At the pivot
Special to the Saipan Tribune
Balance and symmetry in some quarters is attained by reducing everyone to a common denominator, the one-size-fits-all syndrome. That is like attaining a “flatline” in medical science, which means “to die or be so near death that the display of one’s vital signs shows a flat line rather than peaks and troughs.”
We hear innumerable pleas for balance and symmetry. But like most other thought images, the picture of symmetry does not always come clear nor do our attempts to perform it produce all the wonders we expect. This may be because we do not realize the rather unsymmetrical process by which symmetry comes to be. For life gets on by jerks and bounds quite as much as it does by the gliding process.
Harmonious living is the mantra of China’s current host culture. In fact, in government operations, decision-making, foreign policy, and anything conceptually propounded from Beijing these days goes by symphonic harmony.
We did, however, run into a sorry state of “lost in translation” in an airy idealized Himalayan version of equanimity. In encouraging students to expand their self-introductions from simply describing and stating their personal circumstances of birth, family, and education, we added guideline questions on their feelings, thoughts, and intended actions. One on feelings was, “What excites you?”
One of the female students somberly stood up and after clearing the objective data on her oral CV, she declared that she was a person of peace, and that nothing excites her at all! She said this with all seriousness that I wondered if she just avoided the question altogether, or there was something else I was not getting.
It turns out that excitement is equated with violent passion, and in the current Chinese parlance, passion is not an operative word. Add intensity and aggressiveness and one would not be caught claiming such a state of being at all.
One of the profound images in the Chinese pantheon of symbols is the Taiji, which was banned during the Cultural Revolution (’66-’76) for the superstition it represented in its religious use. It is slowly coming back into common usage; commercial signage has brought it back, though it is still hard to locate it in official symbols nor even in the pagoda temple stores.
What is very common in jewelry along the shopping malls of Xiang Gang (Hong Kong), Aomen (Macao), Taibei (Taipei) and Singapura are many variations of the yin-yang. Even the tattoo parlors of Saipan market the image, preferred by visiting Japanese, Korean, and Chinese clientele.

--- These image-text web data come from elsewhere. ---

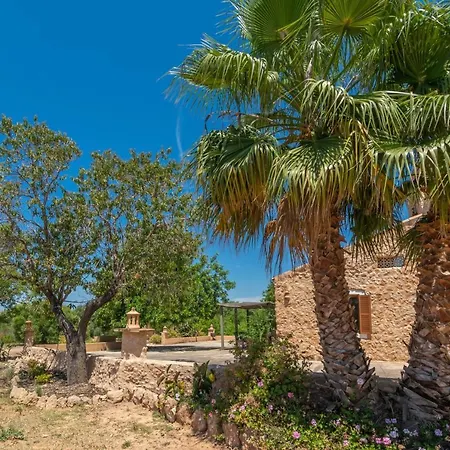 Saran Villa *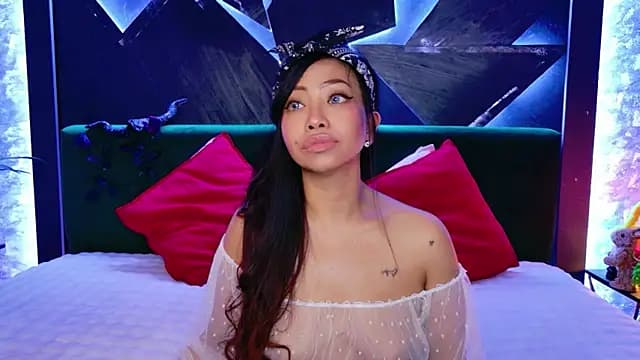 ElyaQuinn live cam on Stripchat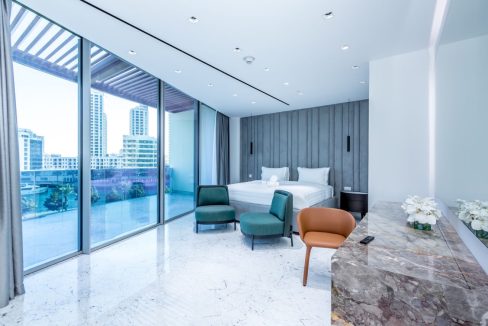 Stunning Triplex Villa | Prime Dubai Marina-26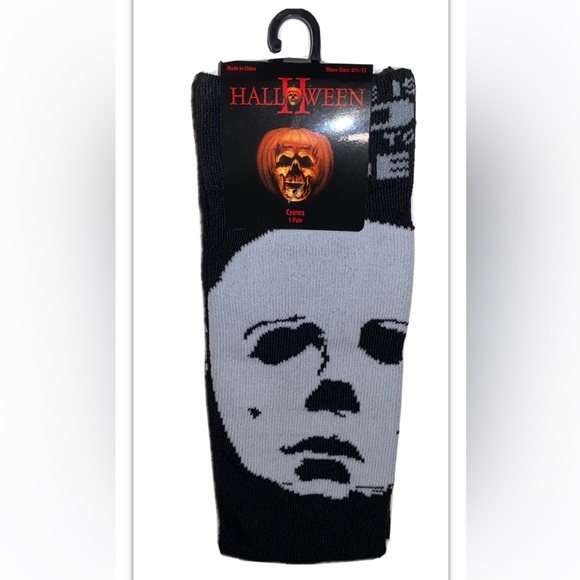 Halloween II Crew Socks 1 Pair Men’s 6.5-12 Black White Michael Myers Mask NEW! - Picture 1 of 8
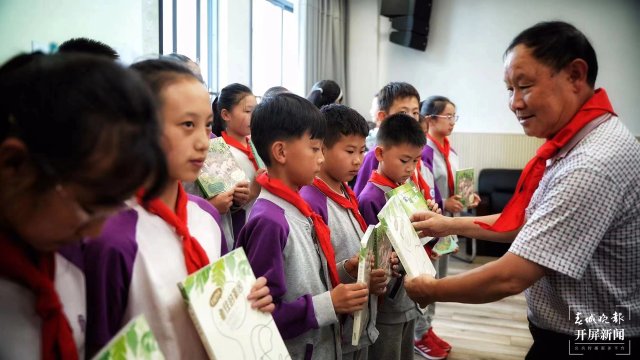 云南省教育基金会生态系列读本进校园捐赠启动仪式在师范大学附属俊发城小学举行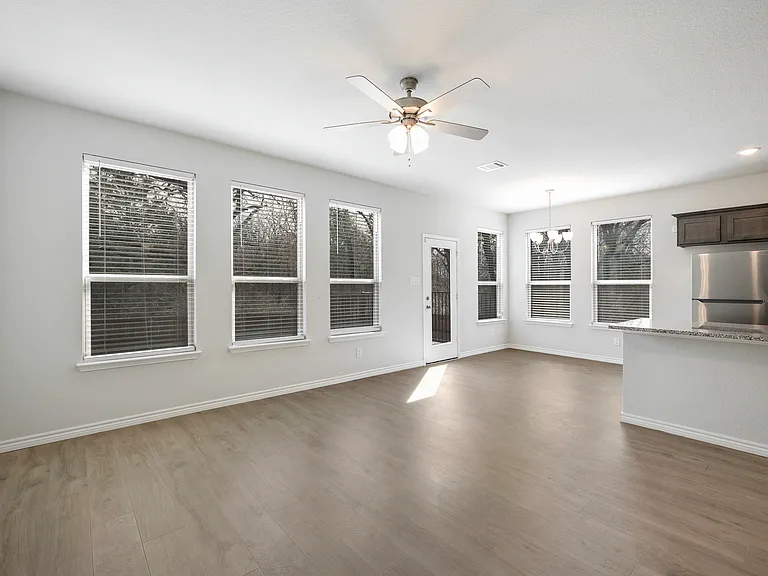 517 S Mockingbird Ln #519 — Photo 3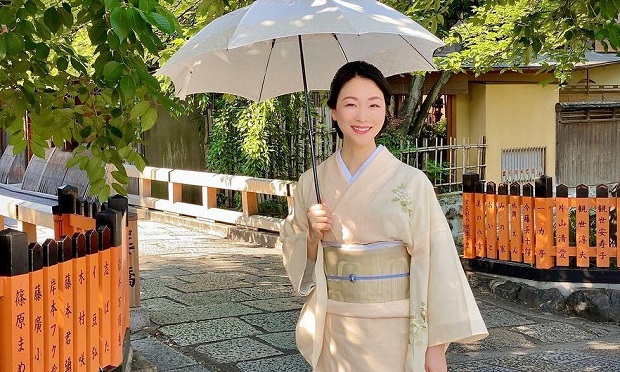 thoi-quen-duong-nhan-cua-chuyen-gia-kimono-u50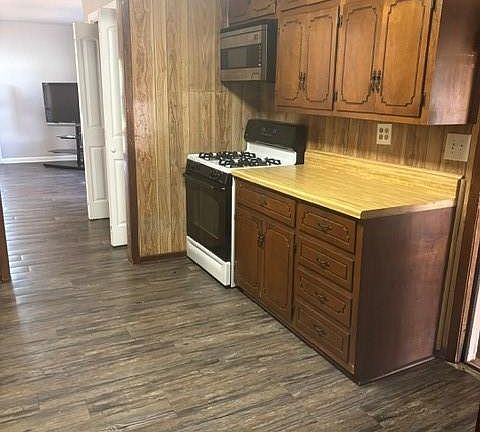 4th image of 501 Center St #501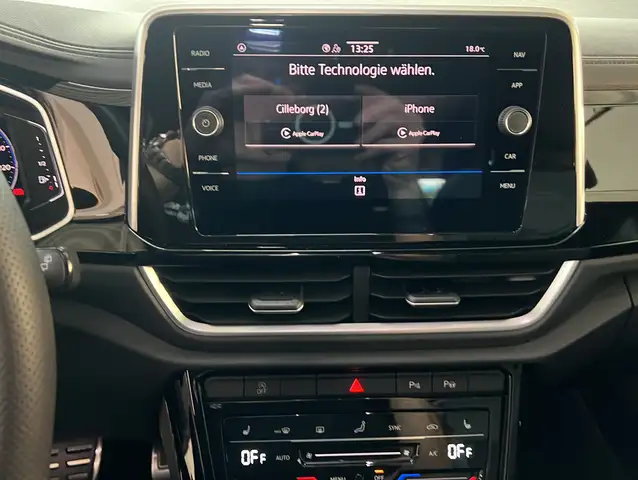 Volkswagen T-Roc view 13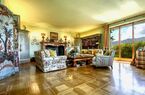Spaziosa ed elegantissima villa di prestigio con una magnifica vista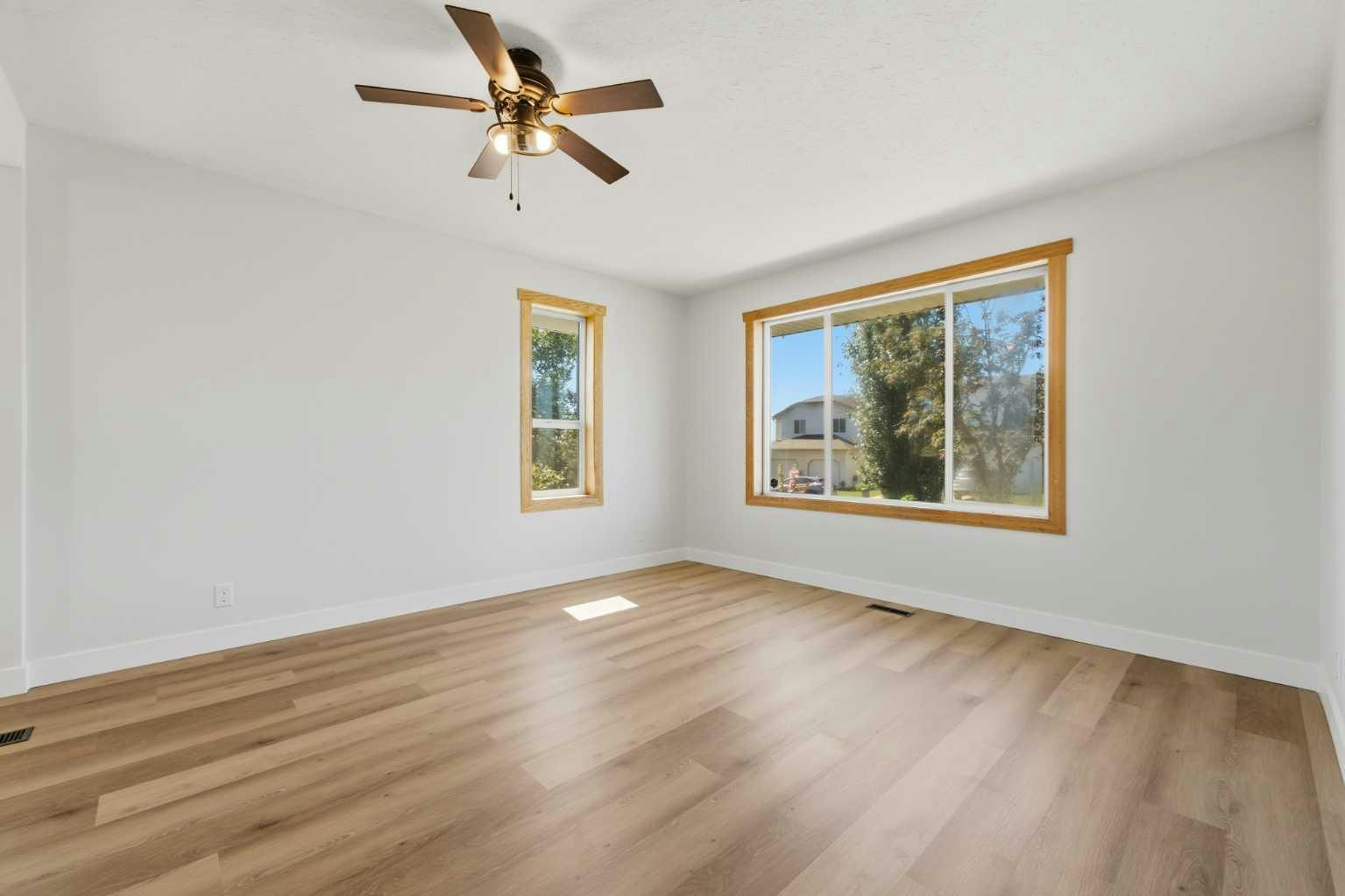 209 Center S, Rural Kneehill County, AB, T0M 1J0 - 3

What the Taiji represents, to those who consciously abide by its primordial metaphor, is the fundamental stance of being at the pivot, in the hinge or at a turn, and in basketball, one foot is stationary and in place while the body spins.
There is no word for this stance among practitioners of kung fu, judo, and taekwando. The gesture is simply that of the clasped right fist under the left palm in a respecting bow, used in martial arts exhibitions. It is the beginning and the end points. That this gesture originated in the Shaolin temples of contemplation, meditation, and prayer makes the martial art discipline an act of defense rather than aggression.
Our Western dialectical stance echoes back to Aryan Zoroaster’s dichotomy between the force of light confronting the state of darkness, a confrontational stance in which the eternal battle between light and darkness, good and evil, right and wrong, ensues forever. We latch on to the Hegelian image of thesis-antithesis clash that results in a synthesis as the major operating image in our thoughts and behavior. Thus, the Bush White House did not find any contradiction in rationalizing that for universal peace to abide, one must be in a perpetual state of war! Alas, our warriors have found cause in the drums of war, neglecting the corresponding and equally necessary songs of peace!
The excesses of the Cultural Revolution gave “excitement” an unwelcome connotation. The unplanned and unexpected turns unleashed by the notion of perpetual revolution were horrendous. What we do not want to acknowledge, however, is the entrenched power and position of the intelligentsia and illuminati, the resilience of old forms and practices from the assault of relevance and necessary change, and the window-dressing role relegated to women, youth, and peasants over the preponderance of the urban bourgeoisie!
So what has this got to do with the cost of rice on Saipan?
When I resided at a two-story apartment along As Lito, a high school teacher colleague was part of a martial art group meeting on the first floor, and it was always a delight to see young Turks whose energy would otherwise make them young thugs in the street; they exhibited discipline and method in their art. What was, however, disconcerting was the apparent “thugs” that enjoyed running the show where the discipline was more a branch of the Wehrmacht and its brown shirts. It was no surprise then to see the Aryan swastika among the symbols of the group.
The fundamental metaphor of Micronesia harkens to the Om and the Yin-yang of faraway places, before the Western dialectics engulfed our minds. This dialectic pervades our discourse (e.g., Reyes-Manglona tiff) and governance (e.g., horde v. Fitial).
Perhaps, it is time to get to the pivot!